Nous ne manquerons pas de BIM managers. Ils ont déjà les (deux) pieds solidement ancrés dans ce deuxième monde.

Pour terminer, je laisserai la parole à Confucius, qui répondait déjà aux détracteurs du BIM il y a 2500 ans:

Lorsque tu fais quelque chose, sache que tu auras contre toi, ceux qui voudraient faire la même chose, ceux qui voulaient le contraire, et l’immense majorité de ceux qui ne voulaient rien faire.

Un exemple de jumeau numérique qui correspond mieux à la fameuse « maquette numérique » dont la terminologie a trompé son monde au début du BIM est la reconstruction de Notre-Dame:

2024-01-17T23:00:00Z
À partir du 18 janvier, le public peut découvrir au Téléport l’Exaltemps, un lieu conçu par Dassault Systèmes au sein de la Cité de l’architecture et du patrimoine, une expérience immersive unique à l’échelle 1I1. Cette expérience permet de se téléporter dans diverses empreintes numériques tridimensionnelles de la cathédrale Notre Dame de Paris, à différentes époques de son histoire.

Guidés par des conférenciers, de petits groupes de visiteurs sont plongés dans les données scientifiques et la restauration de la cathédrale, grâce à la collaboration avec le chantier scientifique Notre Dame de Paris du CNRS, le Ministère de la Culture, l’Établissement public en charge de la conservation et de la restauration de la cathédrale et Dassault Systèmes.

Des ateliers de travail ont été organisés pendant plusieurs mois, réunissant les acteurs du chantier scientifique et de restauration, explorant différentes thématiques telles que les matériaux, l’architecture et l’archéologie.
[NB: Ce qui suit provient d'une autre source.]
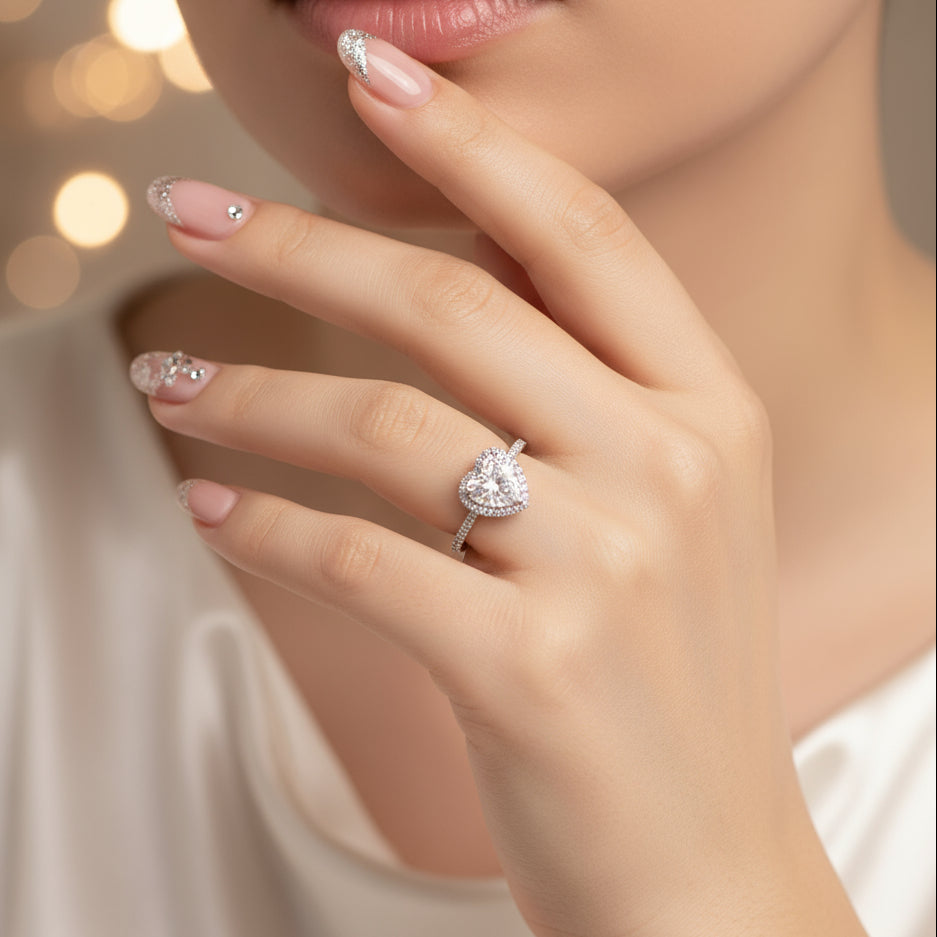 2ct Heart Cut D Color Diamond Romantic Engagement Ring-Black Diamonds New York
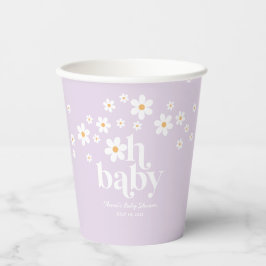Retro Daisy lavender Oh Baby Baby shower Papieren Bekers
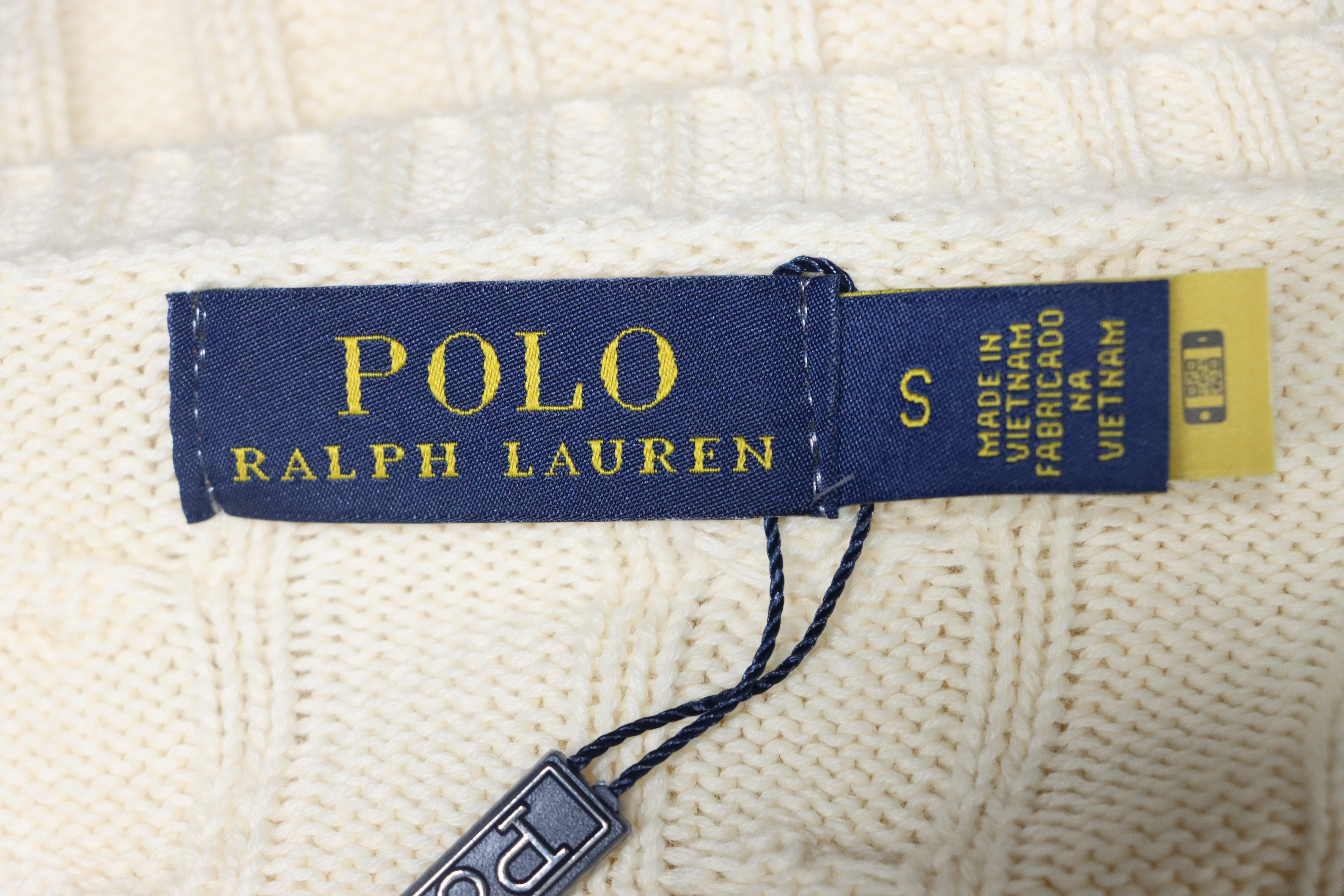 Ralph Lauren 25FW Small Label Knit Sweetheart Neck Sweater White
Ces ateliers ont démontré comment les outils de simulation et la réalité virtuelle accélèrent la recherche scientifique et documentent le chantier de restauration, facilitant les échanges interdisciplinaires.

Ces ateliers se poursuivront en 2024, avec des mises à jour régulières des contenus de l’expérience immersive, en parallèle des campagnes de numérisation menées par le CNRS et l’Établissement public.

Cette immersion dans les coulisses de la science s’inscrit dans la continuité de l’exposition temporaire « Notre Dame de Paris : des bâtisseurs aux restaurateurs », faisant écho à la collection permanente de moulages grandeur nature de la Cité de l’architecture et du patrimoine.